__TASK OBJECTIVE__
Set down, please, exactly the lines below that run from the line with "onorurile publice, de" to the line with "idolatrie, nu erau", both lines included.

__LISTED RECORDS__

##########

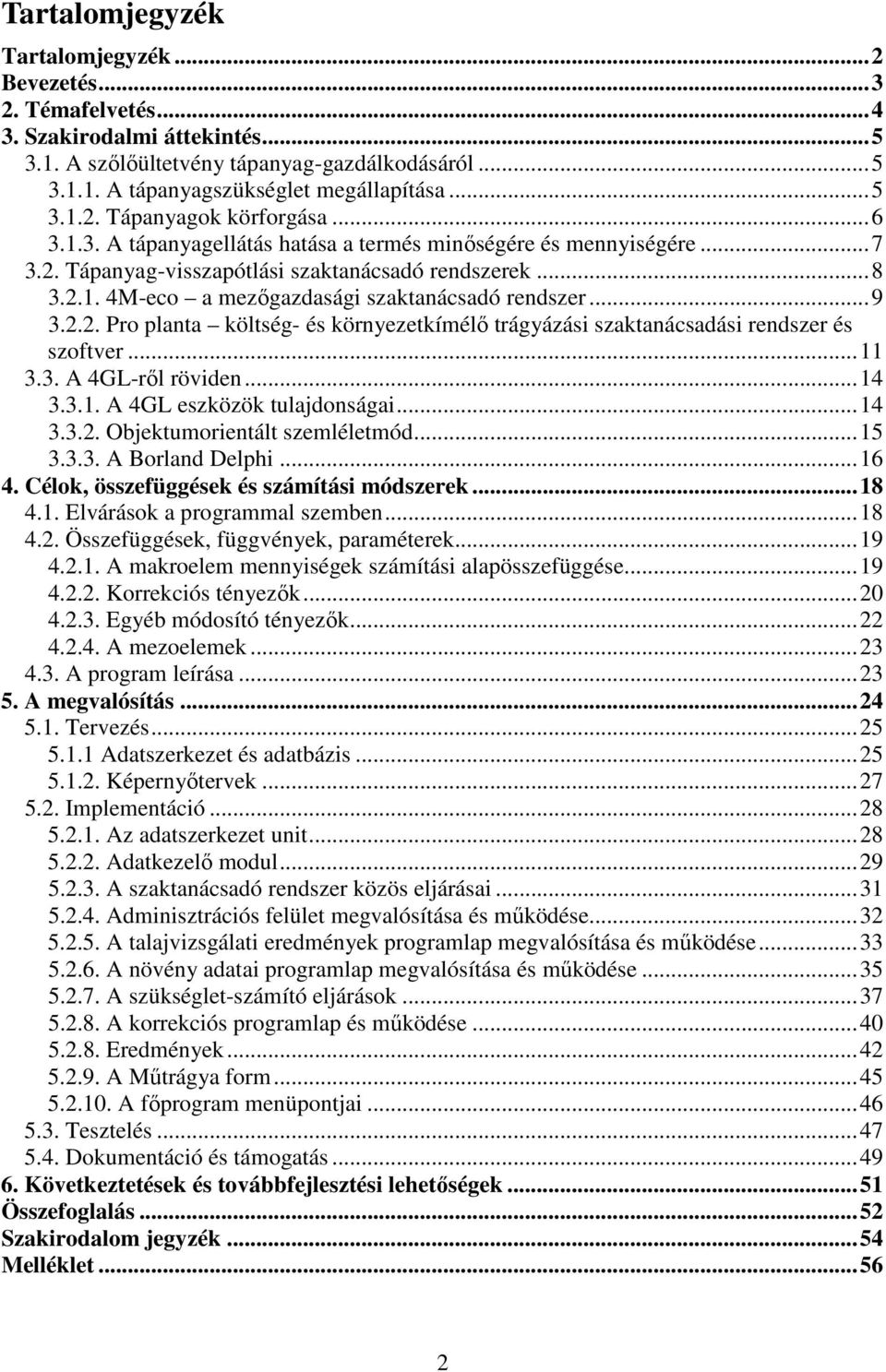 ..11 3.3. A 4GL-rıl röviden...14 3.3.1. A 4GL eszközök tulajdonságai...14 3.3.2. Objektumorientált szemléletmód...15 3.3.3. A Borland Delphi...16 4. Célok, összefüggések és számítási módszerek...18 4.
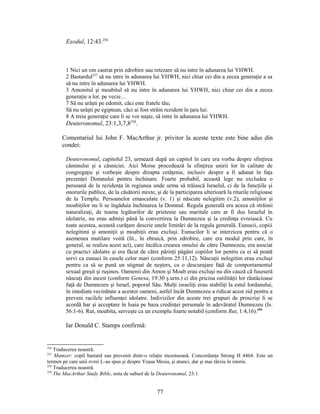 Exodul, 12:43.256
1 Nici un om castrat prin zdrobire sau retezare să nu intre în adunarea lui YHWH.
2 Bastardul257
să nu intre în adunarea lui YHWH, nici chiar cei din a zecea generaţie a sa
să nu intre în adunarea lui YHWH.
3 Amonitul şi moabitul să nu intre în adunarea lui YHWH, nici chiar cei din a zecea
generaţie a lor, pe vecie…
7 Să nu urăşti pe edomit, căci este fratele tău;
Să nu urăşti pe egiptean, căci ai fost străin rezident în ţara lui:
8 A treia generaţie care li se vor naşte, să intre în adunarea lui YHWH.
Deuteronomul, 23:1,3,7,8258
.
Comentariul lui John F. MacArthur jr. privitor la aceste texte este bine adus din
condei:
Deuteronomul, capitolul 23, urmează după un capitol în care era vorba despre sfinţirea
căminului şi a căsniciei. Aici Moise procedează la sfinţirea unirii lor în calitate de
congregaţie şi vorbeşte despre dreapta cetăţenie, inclusiv despre a fi adunat în faţa
prezenţei Domnului pentru închinare. Foarte probabil, această lege nu excludea o
persoană de la rezidenţa în regiunea unde urma să trăiască Israelul, ci de la funcţiile şi
onorurile publice, de la căsătorii mixte, şi de la participarea ulterioară la riturile religioase
de la Templu. Persoanelor emasculate (v. 1) şi născute nelegitim (v.2), amoniţilor şi
moabiţilor nu li se îngăduia închinarea la Domnul. Regula generală era aceea că străinii
naturalizaţi, de teama legăturilor de prietenie sau maritale care ar fi dus Israelul în
idolatrie, nu erau admişi până la convertirea la Dumnezeu şi la credinţa evreiască. Cu
toate acestea, această curăţare descrie unele limitări de la regula generală. Eunucii, copiii
nelegitimi şi amoniţii şi moabiţii erau excluşi. Eunucilor li se interzicea pentru că o
asemenea mutilare voită (lit., în ebraică, prin zdrobire, care era modul prin care, în
general, se realiza acest act), care încălca crearea omului de către Dumnezeu, era asociat
cu practici idolatre şi era făcut de către părinţi păgâni copiilor lor pentru ca ei să poată
servi ca eunuci în casele celor mari (conform 25:11,12). Născuţii nelegitim erau excluşi
pentru ca să se pună un stigmat de neşters, ca o descurajare faţă de comportamentul
sexual greşit şi ruşinos. Oamenii din Amon şi Moab erau excluşi nu din cauză că fuseseră
născuţi din incest (conform Genesa, 19:30 ş.urm.) ci din pricina ostilităţii lor răutăcioase
faţă de Dumnezeu şi Israel, poporul Său. Mulţi israeliţi erau stabiliţi la estul Iordanului,
în imediata vecinătate a acestor oameni, astfel încât Dumnezeu a ridicat acest zid pentru a
preveni racilele influenţei idolatre. Indivizilor din aceste trei grupuri de proscrişi li se
acordă har şi acceptare în Isaia pe baza credinţei personale în adevăratul Dumnezeu (Is.
56:1-6). Rut, moabita, serveşte ca un exemplu foarte notabil (conform Rut, 1:4,16).259
Iar Donald C. Stamps confirmă:
256
Traducerea noastră.
257
Mamzer: copil bastard sau provenit dintr-o relaţie incestuoasă. Concordanţa Strong H 4464. Este un
termen pe care unii evrei L-au spus şi despre Yeşua Mesia, şi atunci, dar şi mai târziu în istorie.
258
Traducerea noastră.
259
The MacArthur Study Bible, nota de subsol de la Deuteronomul, 23:1.
77
 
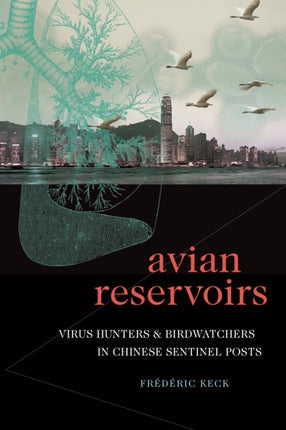 Avian Reservoirs: Virus Hunters and Birdwatchers in Chinese Sentinel Posts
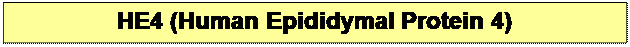 Textov pole: HE4 (Human Epididymal Protein 4)


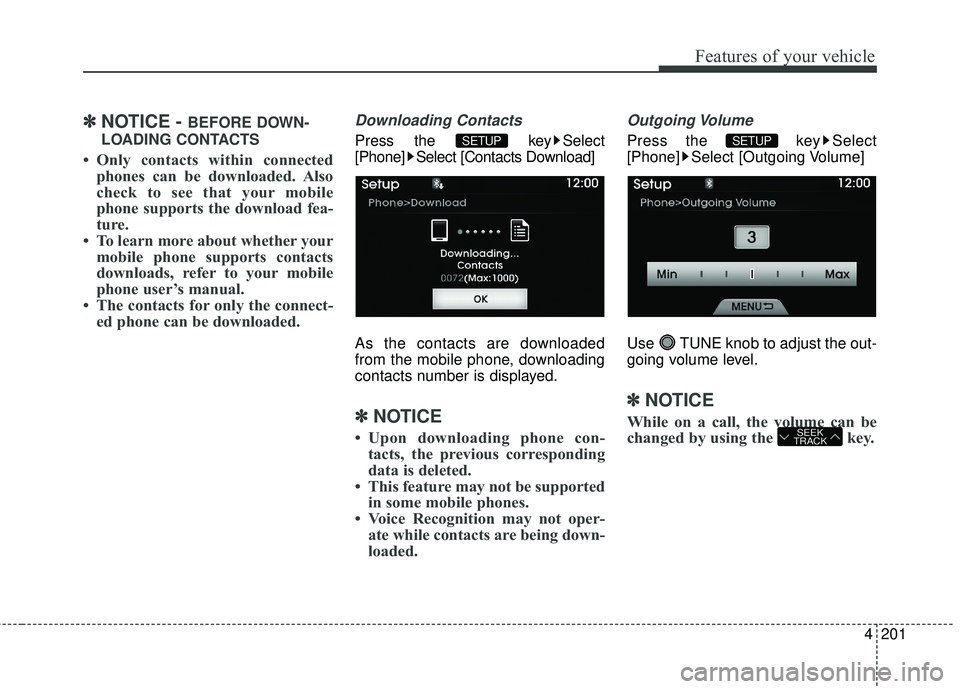 HYUNDAI GENESIS COUPE ULTIMATE 2016  Owners Manual 4201
Features of your vehicle
✽
✽NOTICE - BEFORE DOWN-
LOADING CONTACTS
• Only contacts within connected phones can be downloaded. Also
check to see that your mobile
phone supports the download 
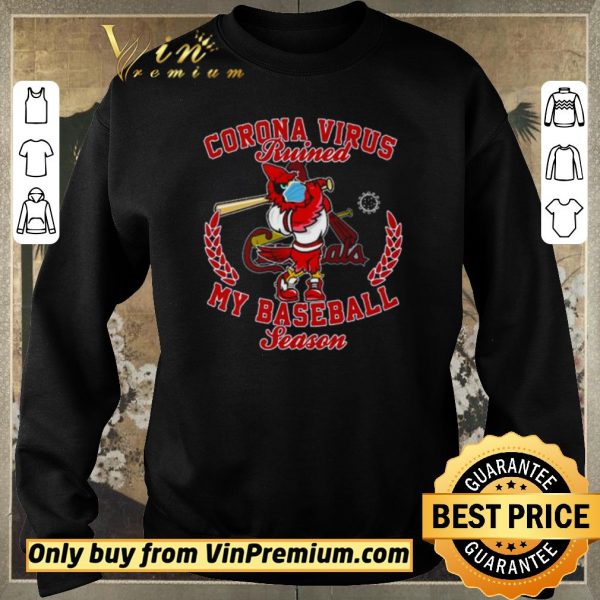 Original St. Louis Cardinals Corona Virus ruined my baseball season shirt sweater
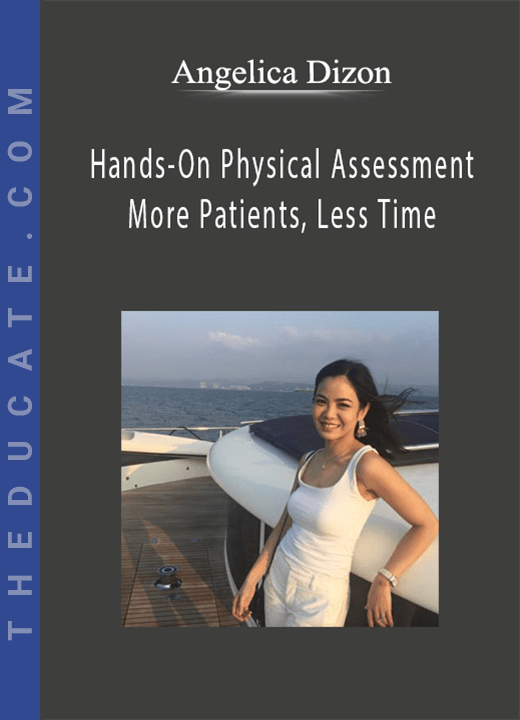 HandsOn Physical Assessment More Patients, Less Time Angelica Dizon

##########

__FINISHED TASK__
onorurile publice, de la căsătorii mixte, şi de la participarea ulterioară la riturile religioase
de la Templu. Persoanelor emasculate (v. 1) şi născute nelegitim (v.2), amoniţilor şi
moabiţilor nu li se îngăduia închinarea la Domnul. Regula generală era aceea că străinii
naturalizaţi, de teama legăturilor de prietenie sau maritale care ar fi dus Israelul în
idolatrie, nu erau admişi până la convertirea la Dumnezeu şi la credinţa evreiască. Cu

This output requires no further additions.